Discriminant Functions
A discriminant function is a scalar function, g, defined over the feature vector, x:
We define a separate function for each class:
– gi(x),fori=1,…,c
Copyright By PowCoder代写 加微信 powcoder
And use the outputs of these functions to make
categorization decisions:
– assign feature vector x to class ωj if: gj(x)>gi(x) ∀ i ≠ j
Discriminant Functions
Assign feature vector x to class ωj if: gj(x)>gi(x) ∀ i ≠ j g1
This is a very general idea as we can use any parameterized function as the discriminant function.
● Discriminant Functions
– DecisionRegionsandDecisionBoundaries – Dichotomizers
● Linear Discriminant Functions
– Generalised Linear Discriminant Functions
● Learning Decision Boundaries
– perceptronlearning
– minimumsquarederror(MSE)procedures
● k-Nearest Neighbours Classifier
Decision Regions and Decision Boundaries
Discriminant functions divide feature space into regions, e.g.
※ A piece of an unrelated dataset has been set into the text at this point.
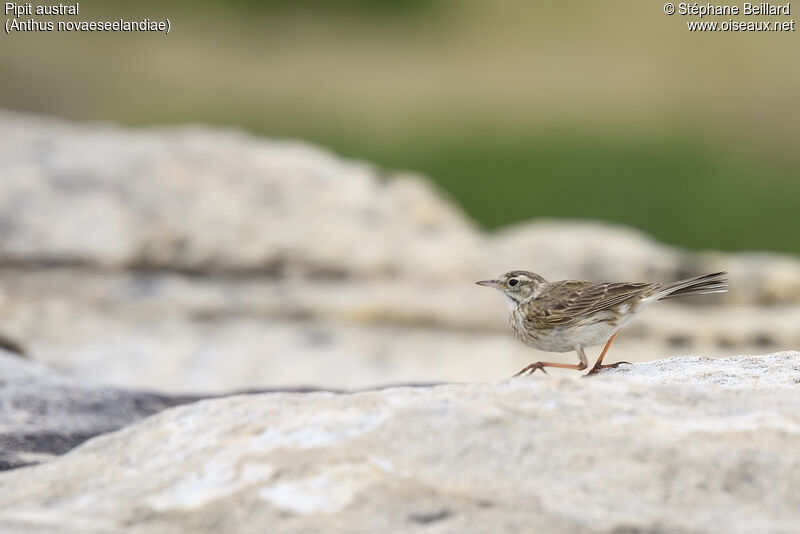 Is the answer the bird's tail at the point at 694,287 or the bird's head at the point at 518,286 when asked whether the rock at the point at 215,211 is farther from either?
the bird's tail at the point at 694,287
Region, R2, in Region, R1, in
which g2(x)>gi(x) which g1(x)>gi(x) ∀i≠2 ∀i≠1
Region, R3, in which g3(x)>gi(x) ∀i≠3
Regions are separated by boundaries
Boundary where g1(x) = g2(x)
Decision Regions and Decision Boundaries
Discriminant functions divide feature space into regions, e.g.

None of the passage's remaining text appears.